Eating People is Wrong
By Aaron Hicklin
It's a fine September afternoon in the 10th arrondissement of Paris, and author Dennis Cooper has invited me to meet him at a café beneath his apartment in a converted monastery to talk about cannibalism. “I’ve actually been wanting to do something with cannibalism for a long time,” says the celebrated (and demonized) chronicler of youth culture and psychosexual obsession in novels such as Frisk, Closer, The Sluts, and the just-published The Marbled Swarm.
Cooper, it’s worth noting, is a vegetarian, although The Marbled Swarm, his ninth novel, has its genesis in a very carnivorous impulse. "I was really interested in Russian pornography for a while. It's very dark and strange and just depressing — I mean, Russia is a depressing place; the people just aren’t very happy there," he explains. "There was this one model I was really interested in, and I had this revelation where I was like, If I did have sex with him, what would I want to do? I realized I wanted to eat him.”
We are sitting outside, and this matter-of-fact admission melts into the reassuring sounds of traffic and passersby. "That’s what started it," Cooper clarifies. "I just thought, What a strange thing to want to do to someone."
Cooper has made a living from such conjectures, and his books are shot through by a rigorous conviction that no subject is off-limits, giving him a reputation as some kind of literary heretic.
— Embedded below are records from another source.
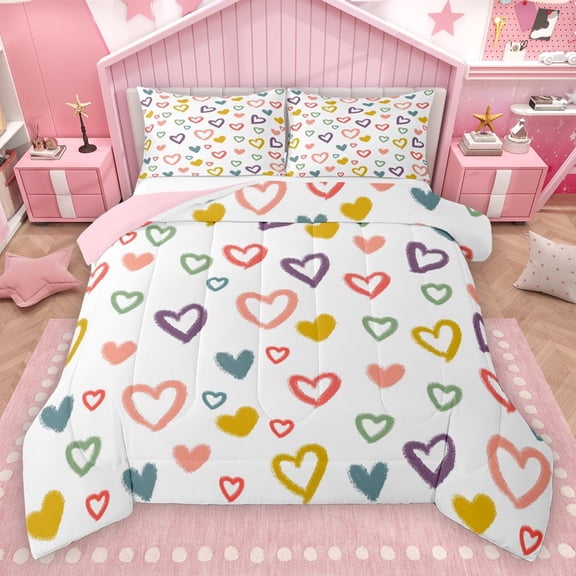 Homewish Cartoon Heart Print Bedding Comforter Set,Kawaii Loves Pattern Twin Comforter Sets,Colorful Graffiti Bedding Set For Girl,Ultra Soft Home Decor Reversible,2-Piece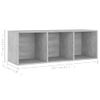 Mueble De Tv Madera Contrachapada Gris Hormigón 107x35x37 Cm Vidaxl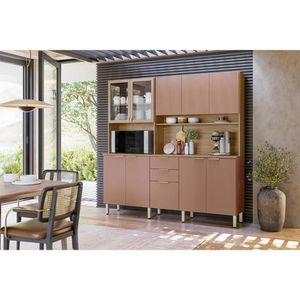 Kit De Cozinha Compacta Amora C- 10 Portas E 2 Gavetas 198cm Amendola-marsala - Demóbile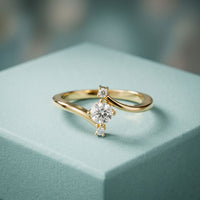 0.30 Ct Round Cut Moissanite Twist Accent Solitaire Ring for Women Gold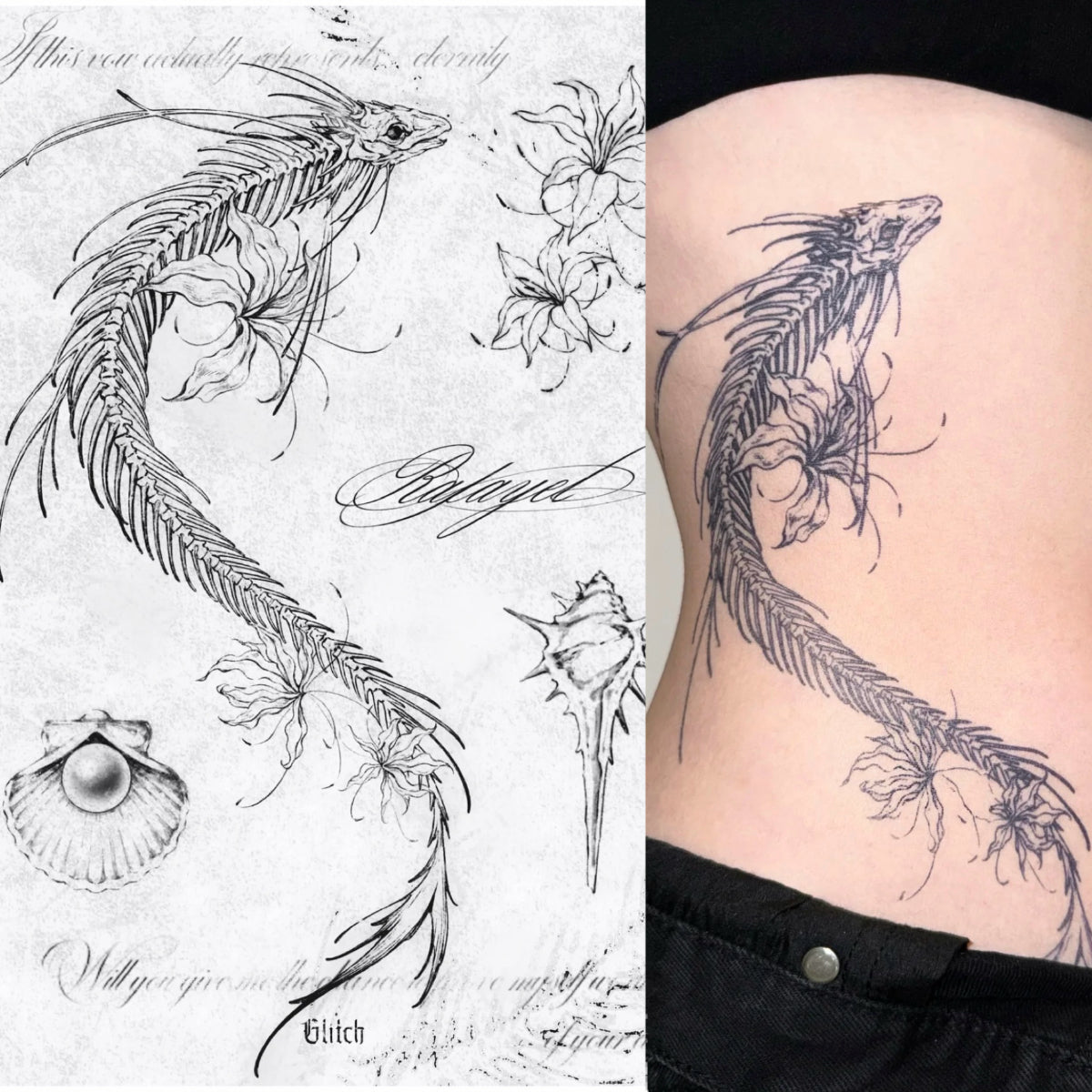 RAFAYEL-Herbal Grass Texture Tattoo Sticker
The fact that he lives in a monastery is an impish touch, but it’s also a nice allegory for the compassion that illuminates even his most butt-clenching novels. "People always say I'm trying to shock, and actually it's the opposite," says Cooper, who chain-smokes through our conversation like the committed existentialist he is. "I'm not a sadist. I don't want to torture people, and I don't want to torture the reader. I want to seduce them into dealing with stuff I'm presenting." In other words, though he might want to eat the Russian porn star, he is much more interested in finding out why.
The Marbled Swarm is concerned as much with language as it is with relationships and power. The unnamed narrator uses words to disarm and persuade, deceive and evade. His fantastical story of everyday cannibalism is told in such finely chiseled yet disorienting prose that you suspect you’re being led into a maze.
Cooper's relationship with his readers is nurtured on his meticulously maintained blog, in which he corresponds with them and publicizes their literary and artistic projects. To some of his loyal fans, he is a source of encouragement and mentorship they can't find elsewhere. A few days trawling the site is also something of a cultural primer -- the movies of Tuesday Weld, the work of Peruvian poet Blanca Varela, a gallery of latex Halloween masks from the legendary Shock Monster line. "The blog is about creating community and giving support to these artists," he says. "When I was young, people helped me, and I just have a natural inclination to do that." His interest in people is also what makes him a compelling writer of nonfiction and an impressively bold interviewer (profiling Keanu Reeves in 1990 for Interview, he asked, "Are you gay, or what?" The actor gamely responded, "No. But ya never know.")
Cooper was inspired to begin writing during a tumultuous childhood in L.A. Born into wealth (his father was good friends with Richard Nixon, after whom Cooper's brother was named), he was 13 when his parents separated, leaving him in the care of his unstable mother. He found an escape in writing satires at school, and later poetry and fiction -- published in zines -- inspired in part by Arthur Rimbaud and the Marquis de Sade. "I've always had pretty perverse fantasies, and when I read Sade, I just felt, Oh my God, I can write about this stuff, it’s legitimate," he recalls.